Hi @GaspingShark
Just to say you used a word that is not normally 'accepted' in your comment and I believe some trans activists look for that word as proof of transphobic intent. Which I believe/know you did not mean. I will not repeat it but you can see it XXed out below...
"A temporary solution at the moment would seem to me to be to segregate the XXXXXXX into third spaces until everyone calms down, it's dehumanising but hey that's society for you."
To engage with that thought, as I believe you intended it, why wo9uld this need to be a temporary until everyone (does that mean women) calms down. Calm down dear is generally a bit offensive.
But most importantly, why is it dehumanising?
If one is a trans person, why is it dehumanisiing to be recognised as one?
Trans women are not, in fact, biological women but that does not stop them being human. One cannot stop being human anymore than one can change biological sex.
So surely recognizing that fact someone is trans is not a dehumanising thing.
I know once, a long time ago, the number of males wanting to be thought as female, and vice versa, was very low. Society had very rigid ideas of how males and females dressed and acted. Now, many of the those rules/ideas are gone, or at least in the process of going. Or should I say they were until we began defining children by the kind of toys they played with and whether they liked dresses or not!

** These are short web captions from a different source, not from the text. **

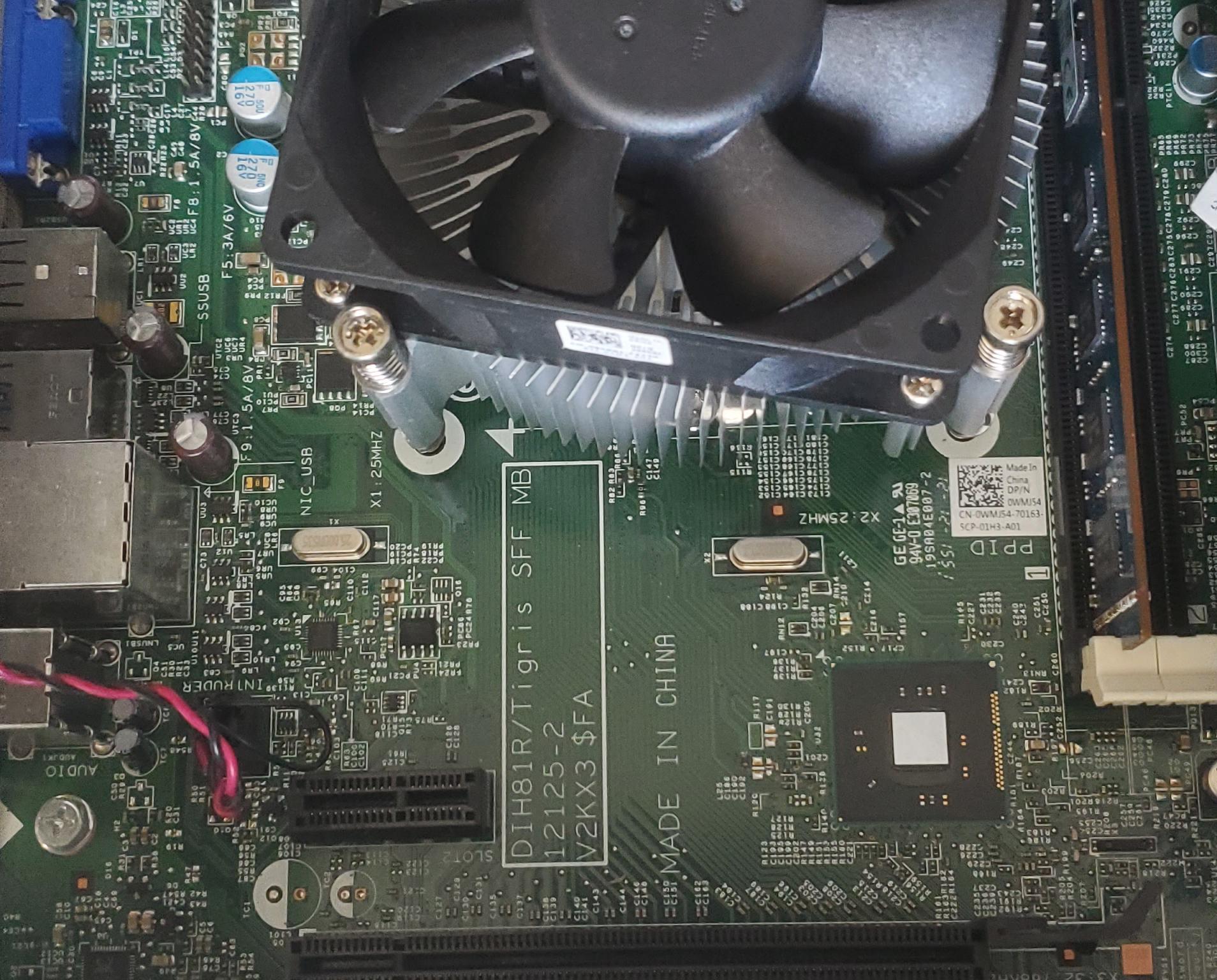 Dell Optiplex Office/Home Computer, Celeron G1840 2C/2T, 8Gb RAM, 500Gb HDD, iGPU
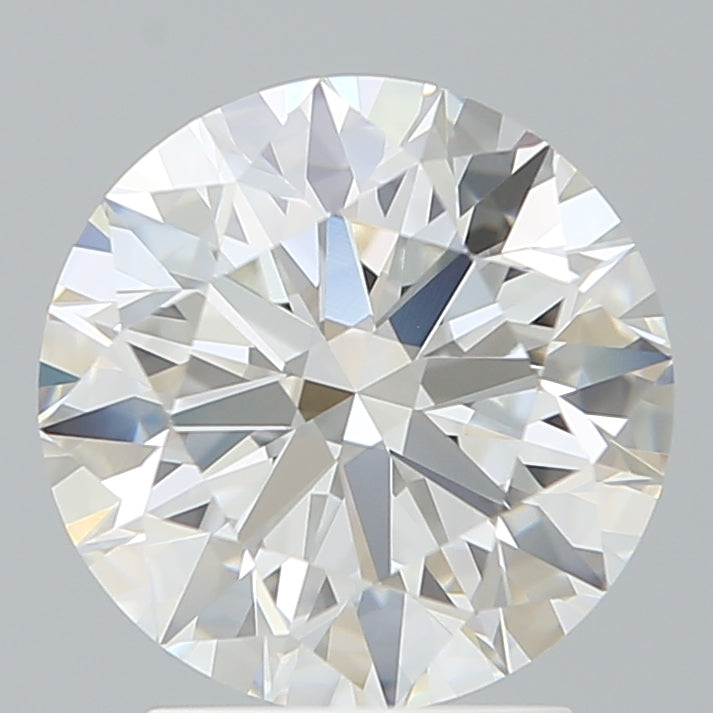 2.69 Carat Round Shaped, Ideal Cut, F Color, VVS2 Clarity, IGI Certified Lab Grown Diamond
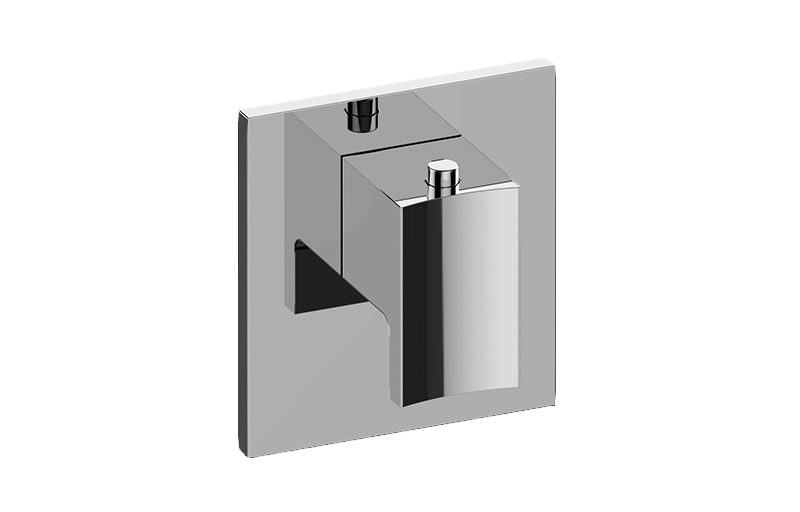 GRAFF Sade/Targa G-8043-LM36E-T Square M-Series Thermostatic Valve Trim Plate with Handle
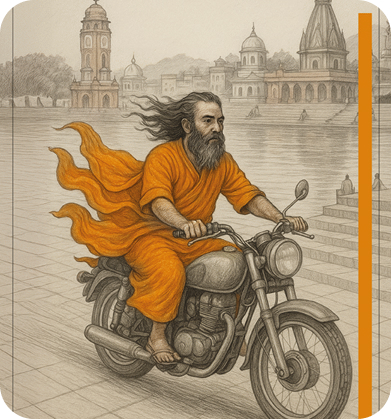 The Hidden Life of a Yogi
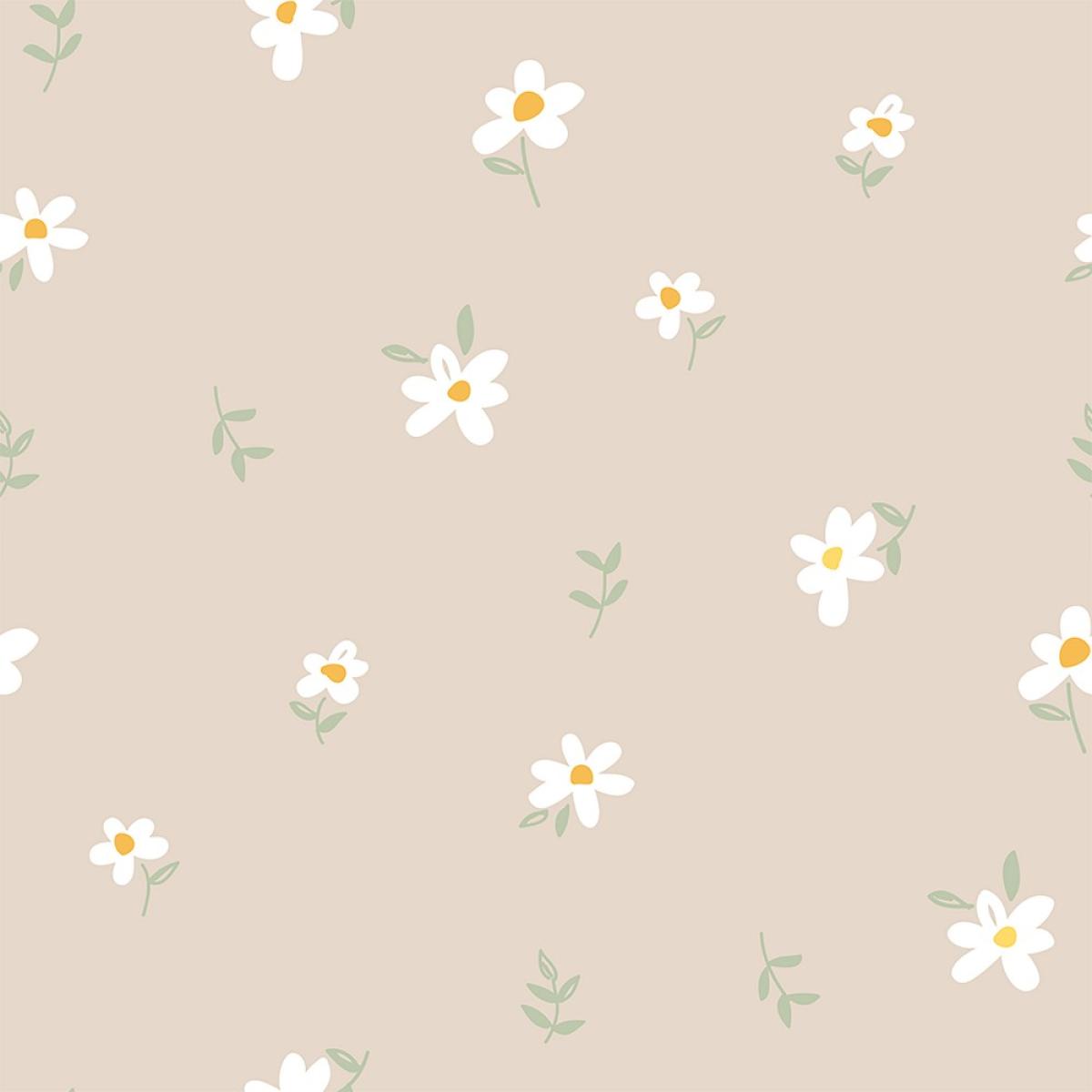 Rollo de dos paneles autoadhesivos canvas DAISY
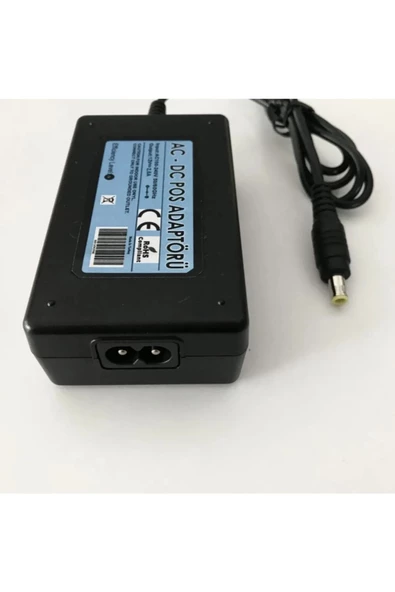 Ingenico Ide280 Yazar Kasa Pos Uyumlu Adaptör Ingenıco Iğneli Jack Adaptör 12v 2,5a Pos Adaptörü - Resim 2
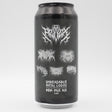 This is a can of Azvex - Unreadable Metal Logos - 6.66% (440ml). It is a IPA craft beer available to buy from Ghost Whale, voted London's best craft beer shop.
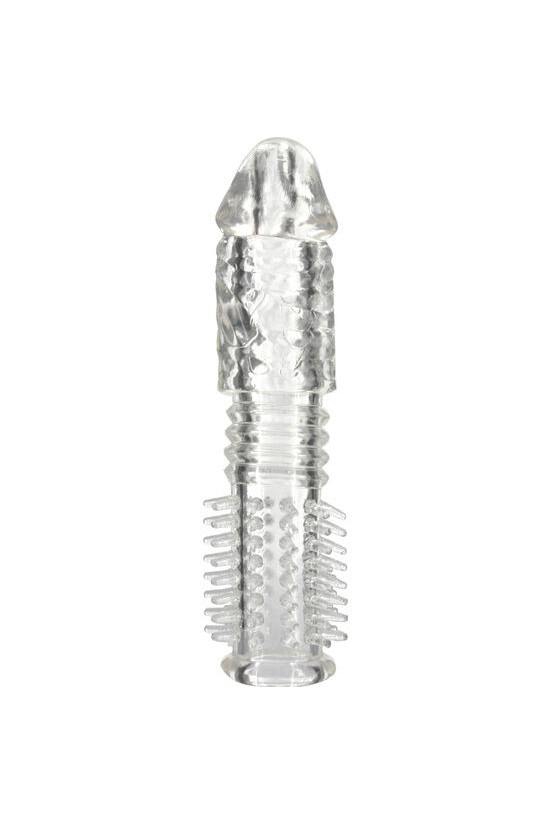 SEVEN CREATIONS - COPERTURA PER PENE IN SILICONE STRUTTURATO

But if we could get back to the pathway we were on in he 70s and 80s when toys were for anyone, clothes were for anyone, when Beckham wore a sarong and no one really cared etc, then many males who feel inclined to frilly clothes etc could just be that, men who wanted to dress a certain way.
There is room in society for the very small number of people who are genuinely dysphoric to gain a GRC in the route they can now and be courtesy accepted as 'honorary' members of the sex class women. But like all males I would expect them not to be going after jobs which would place them in conflict with women. Like women's sports.